United States ex rel. Owens v. Twomey, 508 F.2d 858, 865 (7th Cir. 1974). See also United States v. Piet, 498 F.2d 178, 181 (7th Cir. 1974).

Assuming defendants had standing to make this fruit of the poisonous tree argument, they would fail since this case fits into the first and third situations listed in Owens. First, the government had sources which it used to obtain the information necessary to defeat Amalgamated's security system and plant the microphones shortly after April 7 independent of the unlawful entries. See part VI, supra. Second, because the government was authorized to break into Amalgamated and do what was necessary to plant the microphones after the April 7 order was issued, the government would have been able to break into Amalgamated and duplicate the unlawful entries immediately after April 7, thus enabling it to defeat the security system and plant the microphones prior to the date of the first oral interception which was used at trial. See part VI, supra. Thus, the government would have inevitably planted the microphones and intercepted the conversations that were used against defendants anyway, even absent the illegalities. For these reasons, none of the evidence used by the government need be suppressed as fruits of the unlawful entries at Amalgamated.*fn35 As noted above, defendants' argument to the contrary is premised on nothing more than speculation that the government would not have been able to plant the microphone promptly after the April 7 order. Nothing in the Tickel affidavit supports this position and the government's affidavits affirmatively refute it. Defendants

  are unable to suggest any specific basis in support
  of their claim that the government's evidence at
  trial might have been tainted. . . . Although the
  government has the ultimate burden of persuasion to
  show that its evidence is untainted, Alderman v.
  United States, 394 U.S. 165, 183 [89 S.Ct. 961, 972,
  22 L.Ed.2d 176] (1969), nevertheless [defendants]
  must come "forward with specific evidence
  demonstrating the taint." Id. Under the circumstances
  of the present case, where [defendants] failed to
  provide some minimal demonstration of a basis for
  their allegation of taint, we cannot say that it [i]s
  improper for the trial court to decline to hold the
  extensive evidentiary hearings which [defendants
  argue are] required.

United States v. DiMuro, 540 F.2d 503, 511 (1st Cir. 1976) (footnote omitted), cert. denied, 429 U.S. 1038, 97 S.Ct. 733, 50 L.Ed.2d 749 (1977).*fn36


The last basis on which defendants seek suppression is this court's supervisory power over the administration of justice. Because the government has engaged in misconduct in the course of the investigation that led to this prosecution, defendants argue that we should suppress its evidence.

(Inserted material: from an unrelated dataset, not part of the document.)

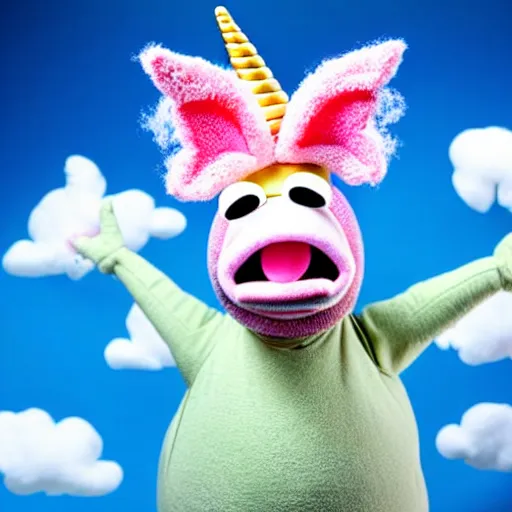 Prompt: studio photograph of a flying pig with unicorn horn depicted as a muppet in a blue sky with cotton ball clouds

Before analyzing the specific contentions, it must be borne in mind that the supervisory power "is not `a chancellor's foot veto [by the District Court] over law enforcement practices of which it did not approve.'" United States v. Payner, 447 U.S. 727, 750-51, 100 S.Ct. 2439, 2453-54, 65 L.Ed.2d 468 (1980) (Marshall, J., dissenting) (quoting United States v. Russell, 411 U.S. 423, 435, 93 S.Ct. 1637, 1644, 36 L.Ed.2d 366 (1973)). Only if the government's misconduct has some nexus with the evidence offered against these defendants can the power be employed, since "this Court has no general supervisory authority over operations of the Executive Branch," Payner, 447 U.S. at 737, 100 S.Ct. at 2447 (Burger, C.J., concurring). Cf. United States v. Hasting, ___ U.S. ___, ___ - ___, 103 S.Ct. 1974, 1979, 76 L.Ed.2d 96 (1983) (harmless error doctrine applies to the use of the supervisory power).

Bearing in mind the limitations of the supervisory power, we decline to exercise it in this case for two reasons.

First, because we have held that defendants lack standing to challenge the unlawful conduct at issue, exercise of the supervisory power is inappropriate. The Supreme Court squarely held as much in Payner, stating that the defendant's lack of fourth amendment standing also prevented him from invoking the supervisory power.

  Our Fourth Amendment decisions have established
  beyond any doubt that the interest in deterring
  illegal searches does not justify the exclusion of
  tainted evidence at the instance of a party who was
  not the victim of the challenged practices. [citing
  Rakas and Alderman] The value assigned to the
  competing interests do not change because a court has
  elected to analyze the question under the supervisory
  power instead of the Fourth Amendment.

447 U.S. at 736-37, 100 S.Ct. at 2447 (citations and footnote omitted). Because defendants do not have standing to challenge the unlawful conduct at issue,*fn37 we must reject the use of the supervisory power "as a substitute for established Fourth Amendment [standing] doctrine." Id. at 736 n. 8, 100 S.Ct. at 2446 n. 8.*fn38

Second, defendants have not demonstrated a nexus between the unlawful conduct and the evidence used against them at trial. In United States v. Cortina, 630 F.2d 1207 (7th Cir. 1980), on which defendants rely, the court began its discussion of the supervisory power issue by writing,

  One inescapable fact underlies the disposition of
  this appeal: the search here occurred only because
  [the government] lied to the magistrate. As the
  district court found, the affidavit lacked probable
  cause without its false assertions. This search never
  should have taken place.

Id. at 1213. That is not the case here. As our prior holdings have made clear, the government could have intercepted the conversations offered at trial even if the unlawful conduct had not occurred, either by using independent sources of information to defeat the alarm system, or by using surreptitious entries to learn about the system after Chief Judge Parsons had issued his orders. Nor did the government make any misrepresentations of fact to Chief Judge Parsons that were material to the decision he had to make on April 7. Had the entries been disclosed, there is no reason to believe his decision would have been any different. Because the evidence used at trial was not in any legally significant sense a product of the governmental misconduct there is no justification to suppress that evidence under the supervisory power. To do so would be to act not because of any effect the misconduct had on the judicial process but merely to express our disapproval of the government's behavior. That is exactly the sort of "chancellor's foot veto" which we should not exercise under the supervisory power.


Defendants have filed a number of motions for discovery in an attempt to obtain evidence which corroborates Tickel's affidavit and which they would use in the evidentiary hearing that they request on their motions for new trial. Since we have held that even if proven the Tickel allegations do not entitle defendants to a new trial there is no need for either discovery or an evidentiary hearing.

Defendants' motions for new trial and discovery are denied.